===== SUPPLIED MATERIAL =====

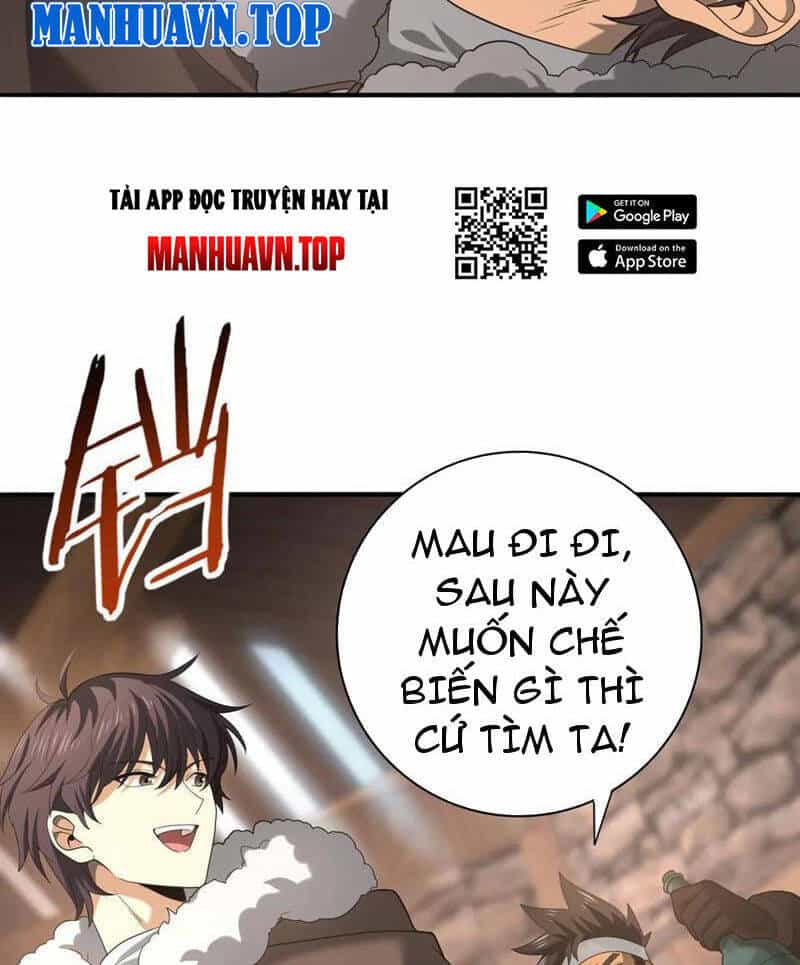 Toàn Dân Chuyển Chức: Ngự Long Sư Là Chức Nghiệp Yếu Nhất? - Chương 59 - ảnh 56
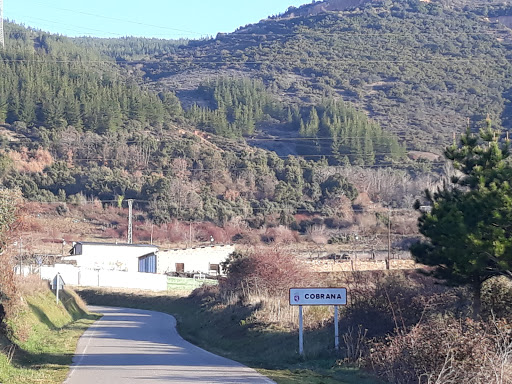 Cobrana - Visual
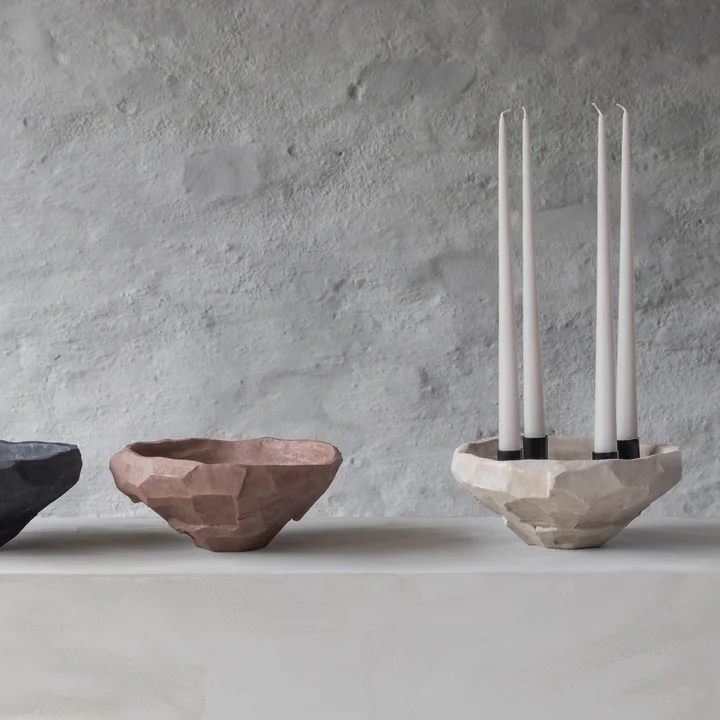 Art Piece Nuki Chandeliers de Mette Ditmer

=====
===== SUPPLIED MATERIAL =====

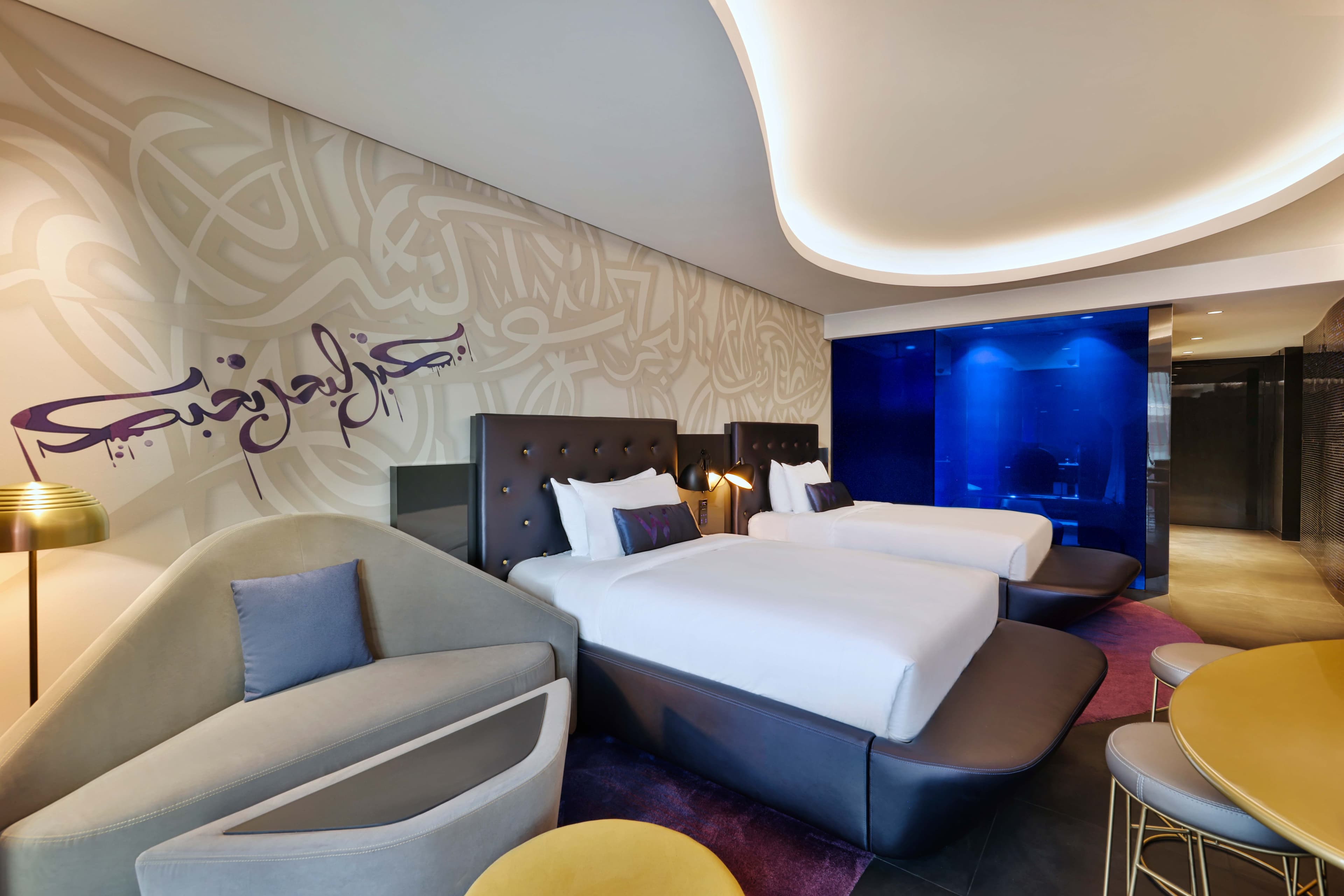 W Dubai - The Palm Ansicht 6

=====

### ASSIGNED TASK
In the records above, find the line with "Cobrana - Visual" and the line with "Art Piece Nuki Chandeliers de Mette Ditmer", then restate word for word only those two lines and all lines between, omitting pictures.

### FINISHED EXERCISE
 Cobrana - Visual
 Art Piece Nuki Chandeliers de Mette Ditmer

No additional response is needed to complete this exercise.